Sel You'd be hard pushed to find any economists who support Osborne at the moment: -
A contributor to Conservative Home (hardly a hot bed of left wing agitators) on 22 March wrote a damning critique of Osborne's house buying initiative:
£3.5 billion has been set aside to help people purchase newly built homes for up to £600,000. Buyers will only have to put 5% down and can borrow 20% from the government, interest free for 5 years. Borrowers will repay the loan when the home is sold. However, newly built homes are know to depreciate by as much as 25%, and people may find themselves in a home that is worth much less than they paid for it. In addition, after 5 years they will be liable to either pay off the 20% loan to the government or start incurring interest on it.
The government is also using £130 billion for a direct government guarantee to home owners that will run for 3 years.
Both these schemes risk the artificial overheating of the housing market, followed by the "bursting of the bubble" as occurred after 2007 when house prices dropped 18%.
The Chairman of the Office of Budget Responsibility recently rebuked Cameron and Osborne for misrepresenting the Office's views on the current state of the economy.

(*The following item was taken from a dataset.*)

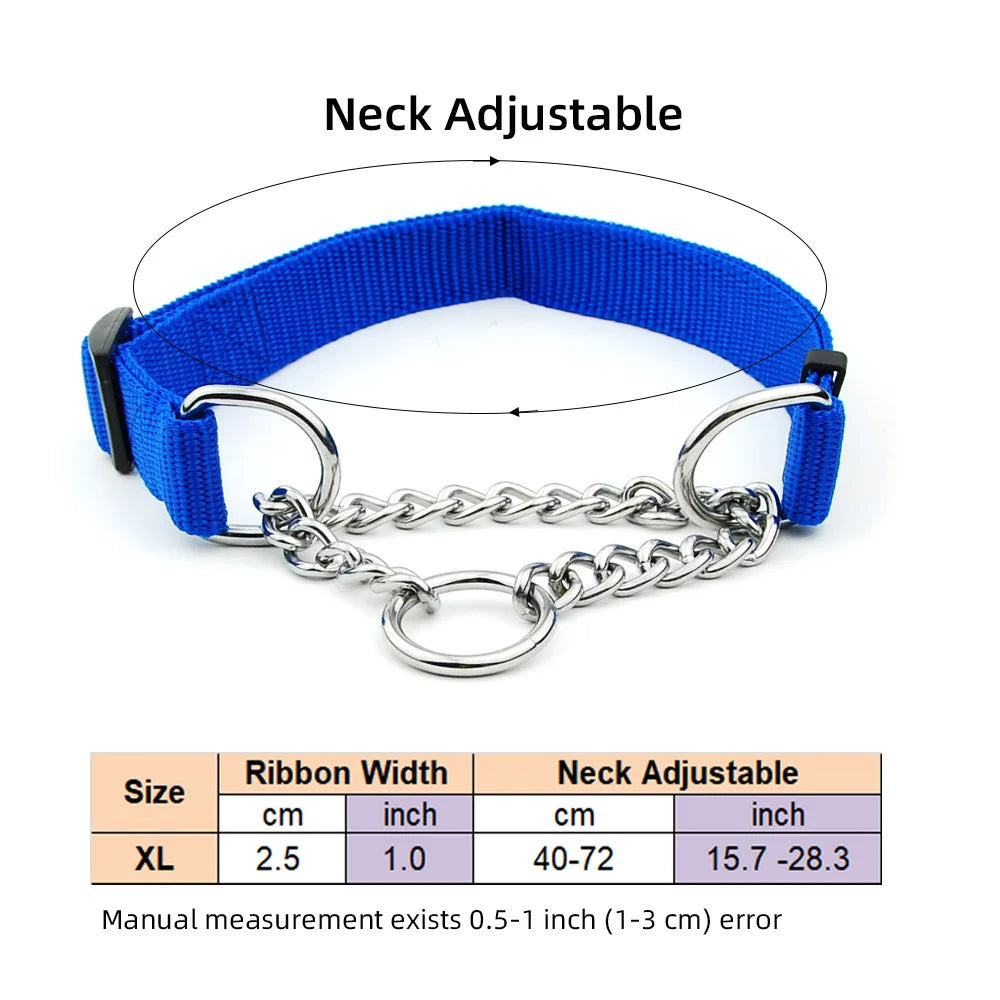 Adjustable Collar for Large Dogs Nylon Pet Dog Slip Pinch Collar Dog Training Accessories Dog Collar with Welded Link Chain - NJPH Best Selling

Jim O'Neill, Chairman of Goldman Sachs Asset Management, said the Chancellor's continued pursuit of austerity, despite signs that the economy was stagnating, including worse-than-expected GDP figures, risk a lost decade for the British economy, with low growth and increasing public debt.
Mervyn King said that the system we have does not work. The whole financial system needs overhauling.
So, even the Conservatives' own traditional supporters are increasingly critical of the way in which the economy is being run.